New research from a KAUST team highlights the development of a semiconductive photocatalyst that recycles CO2 and converts CO2 emissions into commercially-important chemicals through a process called microbial elecrosynthesis. The findings are published in the journal Applied Energy.
Lead researcher Bin Bian explains that there are many technologies that aim to control the bioelectrochemical process that recycles CO2. "Microbial electrosynthesis (MES), coupled with a renewable energy supply, could be one such technology," Bian says.
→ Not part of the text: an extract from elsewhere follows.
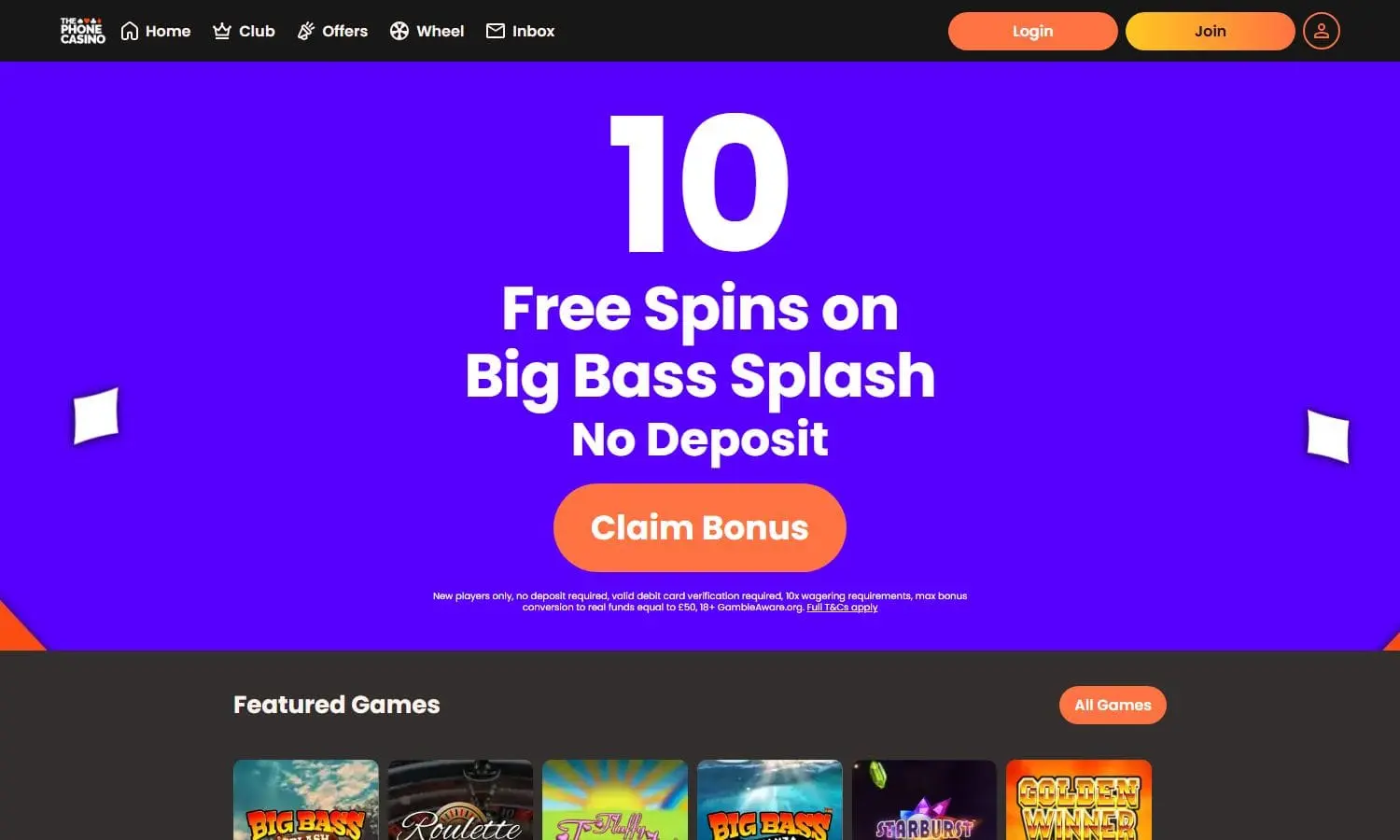 The Phone Casino homepage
MES works by taking advantage of some microbes’ ability to take up CO2 and convert it into chemicals like acetate. For example, chemolithoautotroph microbes in nature metabolize minerals as an energy source through the process of shuttling electrons. In MES, microbes are provided with a constant supply of electrons and protons from anodic water splitting in an electrochemical cell in order to continually trigger this metabolization process. The team’s most recent study aimed to decrease the amount of energy required to make this process possible.
"In MES systems, the process that consumes the most energy is believed to be the oxygen evolution reaction (OER)," Bian explains. In order to reduce the energy needed, past studies have attempted using light-capturing anode materials like titanium dioxide to capture energy from the sun to help drive the OER. Bian’s team spun this idea and instead tried implementing the light-harvesting material bismuth vanadate in the photoanode.
Using their bismuth vanadate photocatalyst, the researchers were able to show how absorbing solar energy could help reduce the energy required for MES. "We obtained solar-to-acetate conversion efficiency of 1.65%, which is the highest reported so far," Pascal Saikaly says. "This efficiency is around eight times higher than the 0.2% efficiency of global natural photosynthesis, which is nature's solar-powered process for converting CO2 into energy-rich molecules," Bian adds.
The team was able to demonstrate how bismuth vanadate makes the MES cell system more efficient because it absorbs energy from a much broader range of the solar spectrum than titanium dioxide. "The next step for us is to test our system under real sunlight and monitor the resilience of the biocatalysts under an intermittent renewable energy source," Saikaly says.